The processor is the beating heart of your computer. The higher the clock speed, the faster the processor is and the more tasks your computer can perform within a certain time.
What about your company? I speak to many entrepreneurs and then see large differences in clock speed. Take a few almost identical companies: the same type of service, the same turnover, the same number of employees. Yet one company knows how to have more impact in a year and get more business done than another. The differences are sometimes huge and that is reflected in the profitability and the pace of growth of the company.
Intriguing! Where is the crux?
Of course, one company is just doing things smarter than another. And of course one company is further in digitization than another or has a stronger position in the market. But apart from that, major differences remain visible.

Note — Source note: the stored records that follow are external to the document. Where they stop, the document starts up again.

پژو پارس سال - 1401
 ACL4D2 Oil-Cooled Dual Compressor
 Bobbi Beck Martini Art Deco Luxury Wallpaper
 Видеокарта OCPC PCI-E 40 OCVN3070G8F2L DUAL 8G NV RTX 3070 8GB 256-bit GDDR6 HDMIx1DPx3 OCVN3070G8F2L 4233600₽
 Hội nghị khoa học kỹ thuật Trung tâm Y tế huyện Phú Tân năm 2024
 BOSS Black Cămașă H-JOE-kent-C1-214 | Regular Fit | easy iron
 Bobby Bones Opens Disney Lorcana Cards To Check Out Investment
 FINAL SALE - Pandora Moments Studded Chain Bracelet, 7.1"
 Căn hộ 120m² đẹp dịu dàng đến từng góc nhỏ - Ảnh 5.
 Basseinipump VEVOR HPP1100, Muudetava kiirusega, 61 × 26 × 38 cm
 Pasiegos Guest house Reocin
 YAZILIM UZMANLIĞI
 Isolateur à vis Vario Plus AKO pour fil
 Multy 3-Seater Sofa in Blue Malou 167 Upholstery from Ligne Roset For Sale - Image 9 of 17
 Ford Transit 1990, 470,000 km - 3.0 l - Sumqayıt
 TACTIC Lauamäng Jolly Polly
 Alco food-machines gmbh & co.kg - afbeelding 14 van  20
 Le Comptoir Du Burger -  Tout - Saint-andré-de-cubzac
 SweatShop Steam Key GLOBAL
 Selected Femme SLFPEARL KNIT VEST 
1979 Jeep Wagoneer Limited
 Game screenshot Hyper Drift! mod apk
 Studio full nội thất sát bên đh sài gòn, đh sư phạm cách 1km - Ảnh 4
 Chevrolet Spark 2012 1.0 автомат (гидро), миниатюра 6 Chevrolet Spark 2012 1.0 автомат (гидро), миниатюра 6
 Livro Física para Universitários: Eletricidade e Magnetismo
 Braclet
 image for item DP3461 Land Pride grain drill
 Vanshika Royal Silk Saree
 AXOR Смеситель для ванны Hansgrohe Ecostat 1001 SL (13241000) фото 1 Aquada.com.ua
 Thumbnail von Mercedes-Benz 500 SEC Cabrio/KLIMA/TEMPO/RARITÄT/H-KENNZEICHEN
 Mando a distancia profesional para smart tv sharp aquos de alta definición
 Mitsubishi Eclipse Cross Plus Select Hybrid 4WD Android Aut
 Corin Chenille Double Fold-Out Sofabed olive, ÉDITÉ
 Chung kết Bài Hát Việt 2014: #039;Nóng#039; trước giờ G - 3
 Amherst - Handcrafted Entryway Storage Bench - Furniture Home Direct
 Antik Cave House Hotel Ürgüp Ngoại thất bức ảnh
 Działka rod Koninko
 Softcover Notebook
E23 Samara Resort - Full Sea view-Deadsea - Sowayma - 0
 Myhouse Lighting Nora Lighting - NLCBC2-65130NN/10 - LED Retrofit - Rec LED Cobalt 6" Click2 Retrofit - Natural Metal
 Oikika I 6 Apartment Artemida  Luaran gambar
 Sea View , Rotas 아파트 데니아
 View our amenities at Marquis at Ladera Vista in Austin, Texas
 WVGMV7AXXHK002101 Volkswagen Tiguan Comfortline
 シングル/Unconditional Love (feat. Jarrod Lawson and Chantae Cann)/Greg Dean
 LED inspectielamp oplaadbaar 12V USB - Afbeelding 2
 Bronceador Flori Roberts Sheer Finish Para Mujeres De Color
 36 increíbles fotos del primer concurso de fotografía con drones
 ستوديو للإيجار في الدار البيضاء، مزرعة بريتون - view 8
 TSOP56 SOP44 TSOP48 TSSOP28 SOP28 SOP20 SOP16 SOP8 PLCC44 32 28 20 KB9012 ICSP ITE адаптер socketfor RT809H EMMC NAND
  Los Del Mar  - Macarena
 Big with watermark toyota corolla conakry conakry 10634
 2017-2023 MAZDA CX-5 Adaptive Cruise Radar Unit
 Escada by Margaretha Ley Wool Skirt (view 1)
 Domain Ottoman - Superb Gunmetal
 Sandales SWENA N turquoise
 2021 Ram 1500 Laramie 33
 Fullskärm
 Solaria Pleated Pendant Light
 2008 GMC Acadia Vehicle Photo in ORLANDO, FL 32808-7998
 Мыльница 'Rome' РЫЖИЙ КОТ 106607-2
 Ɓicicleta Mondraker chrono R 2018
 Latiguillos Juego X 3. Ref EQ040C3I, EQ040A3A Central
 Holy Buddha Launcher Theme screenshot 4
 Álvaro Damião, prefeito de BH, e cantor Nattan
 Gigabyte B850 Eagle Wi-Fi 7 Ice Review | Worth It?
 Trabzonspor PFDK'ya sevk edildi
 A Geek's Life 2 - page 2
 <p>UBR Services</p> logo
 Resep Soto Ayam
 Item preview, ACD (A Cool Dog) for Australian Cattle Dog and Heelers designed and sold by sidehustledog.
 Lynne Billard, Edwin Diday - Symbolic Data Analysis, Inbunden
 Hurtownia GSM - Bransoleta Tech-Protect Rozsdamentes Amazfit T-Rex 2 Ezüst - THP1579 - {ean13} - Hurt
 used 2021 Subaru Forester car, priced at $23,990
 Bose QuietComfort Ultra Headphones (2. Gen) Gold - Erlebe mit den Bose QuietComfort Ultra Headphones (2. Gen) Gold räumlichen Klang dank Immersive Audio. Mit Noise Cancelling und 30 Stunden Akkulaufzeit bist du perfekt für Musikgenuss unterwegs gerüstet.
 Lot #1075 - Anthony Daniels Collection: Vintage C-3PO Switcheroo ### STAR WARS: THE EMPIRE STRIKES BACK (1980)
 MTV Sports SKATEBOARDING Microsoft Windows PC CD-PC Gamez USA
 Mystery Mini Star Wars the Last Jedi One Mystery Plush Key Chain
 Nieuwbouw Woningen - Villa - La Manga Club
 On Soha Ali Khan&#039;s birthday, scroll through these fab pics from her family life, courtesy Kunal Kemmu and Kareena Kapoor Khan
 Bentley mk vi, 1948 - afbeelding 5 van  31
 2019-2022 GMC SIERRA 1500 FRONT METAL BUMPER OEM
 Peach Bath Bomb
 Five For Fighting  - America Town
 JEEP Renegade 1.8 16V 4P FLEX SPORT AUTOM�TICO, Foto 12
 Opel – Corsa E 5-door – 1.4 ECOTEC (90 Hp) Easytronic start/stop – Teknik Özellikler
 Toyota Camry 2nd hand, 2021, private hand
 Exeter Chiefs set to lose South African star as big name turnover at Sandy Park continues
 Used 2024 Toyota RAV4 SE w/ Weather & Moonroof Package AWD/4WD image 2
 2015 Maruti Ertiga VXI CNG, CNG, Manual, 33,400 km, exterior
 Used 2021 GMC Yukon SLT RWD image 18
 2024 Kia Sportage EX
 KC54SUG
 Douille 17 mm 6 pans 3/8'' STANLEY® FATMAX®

People are the beating heart of your business and are making the difference! Is there such a thing as the clock speed of individuals and teams? Certainly in knowledge-intensive companies, one knows how to perform amazingly more work than the other. Without sacrificing quality. And that raises many questions. Can you measure this? Do you want to measure this? What makes this difference? Is it developable?
There is certainly something to measure and develop; there are many bookcases full written about personal effectiveness and productivity. What I want to emphasize now is the importance of steering on output.
Make fair agreements about the expected result before starting work. Then leave the employee and the team free to work as much as possible. And afterwards take (short cycle) the time to discuss the result achieved. There is usually appreciation if the goals have been achieved or if the performance has even been better than expected. But, and it often goes wrong here, also objectively confront if the expected goal has not been achieved.
In an output-driven organization, the employee or team has been given every opportunity to choose how the goal will be achieved. Then it has also become personal responsibility. Apologies about all sorts of factors that made it impossible to achieve the goals, are not OK. And if a manager goes along with this, the learning capacity of the employee is limited and it is disastrous for the spirit in the organization.
Work together on a culture with a fair and open process of goal setting, independent implementation, evaluation, giving feedback and learning what the optimal role is for each team member. This forms the basis for an optimally motivated team. Now, the clock speed of individuals and teams can gradually increase.